Nous sommes réunis ici à l'initiative de l'Union Internationale des Avocats (UIA) et de la Cour Internationale d'Arbitrage de la Chambre de Commerce Internationale (CCI) qui, en collaboration avec l'Ordre des Avocats au Barreau du Cameroun et du Centre d'Arbitrage du GICAM (CAG), organisent une formation sur le thème : « Etude d'un cas pratique selon le Règlement d'arbitrage de la CCI ».
Je remercie très sincèrement l'Union Internationale des Avocats et la Chambre de Commerce Internationale d'avoir fait le choix d'organiser cette formation dans les locaux de notre Groupement. Ce faisant, je prie les représentants de l'Union Internationale des Avocats ici présents de bien vouloir porter au Président Pedro PAIS DE ALMEIDA le témoignage de notre reconnaissance.
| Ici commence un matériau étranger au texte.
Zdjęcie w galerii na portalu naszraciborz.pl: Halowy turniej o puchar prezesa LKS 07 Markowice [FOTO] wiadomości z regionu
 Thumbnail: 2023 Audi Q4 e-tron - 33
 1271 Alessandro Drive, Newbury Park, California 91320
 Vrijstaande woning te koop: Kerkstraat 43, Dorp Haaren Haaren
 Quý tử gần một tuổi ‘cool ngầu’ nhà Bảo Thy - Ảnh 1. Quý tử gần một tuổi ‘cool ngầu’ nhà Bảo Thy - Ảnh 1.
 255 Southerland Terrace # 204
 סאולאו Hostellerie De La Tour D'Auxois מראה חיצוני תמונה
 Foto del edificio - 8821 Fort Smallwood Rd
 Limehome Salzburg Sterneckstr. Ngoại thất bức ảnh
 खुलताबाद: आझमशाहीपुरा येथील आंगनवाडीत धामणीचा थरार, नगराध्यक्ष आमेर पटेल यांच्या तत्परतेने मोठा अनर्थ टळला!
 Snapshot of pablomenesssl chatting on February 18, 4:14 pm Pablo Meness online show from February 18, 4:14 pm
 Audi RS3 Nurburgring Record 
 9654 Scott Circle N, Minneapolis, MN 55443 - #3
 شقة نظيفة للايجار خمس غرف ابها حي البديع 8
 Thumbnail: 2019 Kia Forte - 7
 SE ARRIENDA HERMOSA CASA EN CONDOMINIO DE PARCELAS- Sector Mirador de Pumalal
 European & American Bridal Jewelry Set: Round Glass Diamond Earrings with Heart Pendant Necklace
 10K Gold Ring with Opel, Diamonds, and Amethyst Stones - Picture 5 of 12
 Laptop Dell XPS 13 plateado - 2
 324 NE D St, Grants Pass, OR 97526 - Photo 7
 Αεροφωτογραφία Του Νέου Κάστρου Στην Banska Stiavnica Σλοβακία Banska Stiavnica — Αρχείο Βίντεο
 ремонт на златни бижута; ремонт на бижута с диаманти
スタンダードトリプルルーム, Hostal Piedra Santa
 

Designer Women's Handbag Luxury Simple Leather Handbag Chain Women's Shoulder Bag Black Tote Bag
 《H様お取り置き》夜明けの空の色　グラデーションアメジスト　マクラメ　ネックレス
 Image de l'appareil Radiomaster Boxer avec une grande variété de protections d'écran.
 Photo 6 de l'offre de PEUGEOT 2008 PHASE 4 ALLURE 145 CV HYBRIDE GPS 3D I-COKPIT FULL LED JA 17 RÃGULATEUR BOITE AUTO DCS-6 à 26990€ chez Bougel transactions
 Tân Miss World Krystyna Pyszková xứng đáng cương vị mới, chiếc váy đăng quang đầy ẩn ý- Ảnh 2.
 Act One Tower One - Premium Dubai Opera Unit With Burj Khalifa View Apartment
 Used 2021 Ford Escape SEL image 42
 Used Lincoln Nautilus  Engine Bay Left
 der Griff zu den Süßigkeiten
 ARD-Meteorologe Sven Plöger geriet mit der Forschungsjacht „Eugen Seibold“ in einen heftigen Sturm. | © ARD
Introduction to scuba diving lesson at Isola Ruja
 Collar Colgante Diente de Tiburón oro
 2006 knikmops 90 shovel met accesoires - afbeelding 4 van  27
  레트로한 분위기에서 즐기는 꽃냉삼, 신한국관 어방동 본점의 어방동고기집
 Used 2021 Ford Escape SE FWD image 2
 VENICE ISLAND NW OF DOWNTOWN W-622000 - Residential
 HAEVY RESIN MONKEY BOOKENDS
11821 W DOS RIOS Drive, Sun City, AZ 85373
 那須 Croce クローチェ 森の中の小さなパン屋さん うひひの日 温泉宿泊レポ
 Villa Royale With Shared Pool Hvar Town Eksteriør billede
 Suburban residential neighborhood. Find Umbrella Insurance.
J'associe à ces remerciements le Comité Permanent du CAG et sa Présidente, Me Marie-Andrée NGWE. Je leur sais gré de leur implication déterminante dans la tenue de cet important événement. Plus généralement, je salue le travail accompli par le CAG, pionnier de l'arbitrage au Cameroun. L'assistance si nombreuse ce jour dans cette salle est bien le signe de l'importance que les avocats et juristes camerounais accordent à la nécessité d'être parfaitement formés à l'arbitrage, qu'il soit OHADA ou international.
Mesdames et Messieurs,
Le recours à l'arbitrage progresse rapidement dans le monde des affaires de notre pays. Son attrait, ses avantages, de plus en plus connus, tendent à faire progressivement de l'arbitrage, le mode privilégié de règlements de différends commerciaux.
Fort à propos, compte tenu des lenteurs judiciaires connues et du nécessaire désengorgement des tribunaux, l'arbitrage se présente comme étant la solution idoine, tant de résolution des différends commerciaux que de sécurisation du climat des affaires.
C'est pourquoi, vous me permettrez de lancer un appel aux avocats et aux responsables juridiques pour qu'ils continuent à œuvrer à la promotion de l'arbitrage, notamment en encourageant leurs clients et leurs entreprises à insérer des clauses d'arbitrage GICAM dans leurs contrats.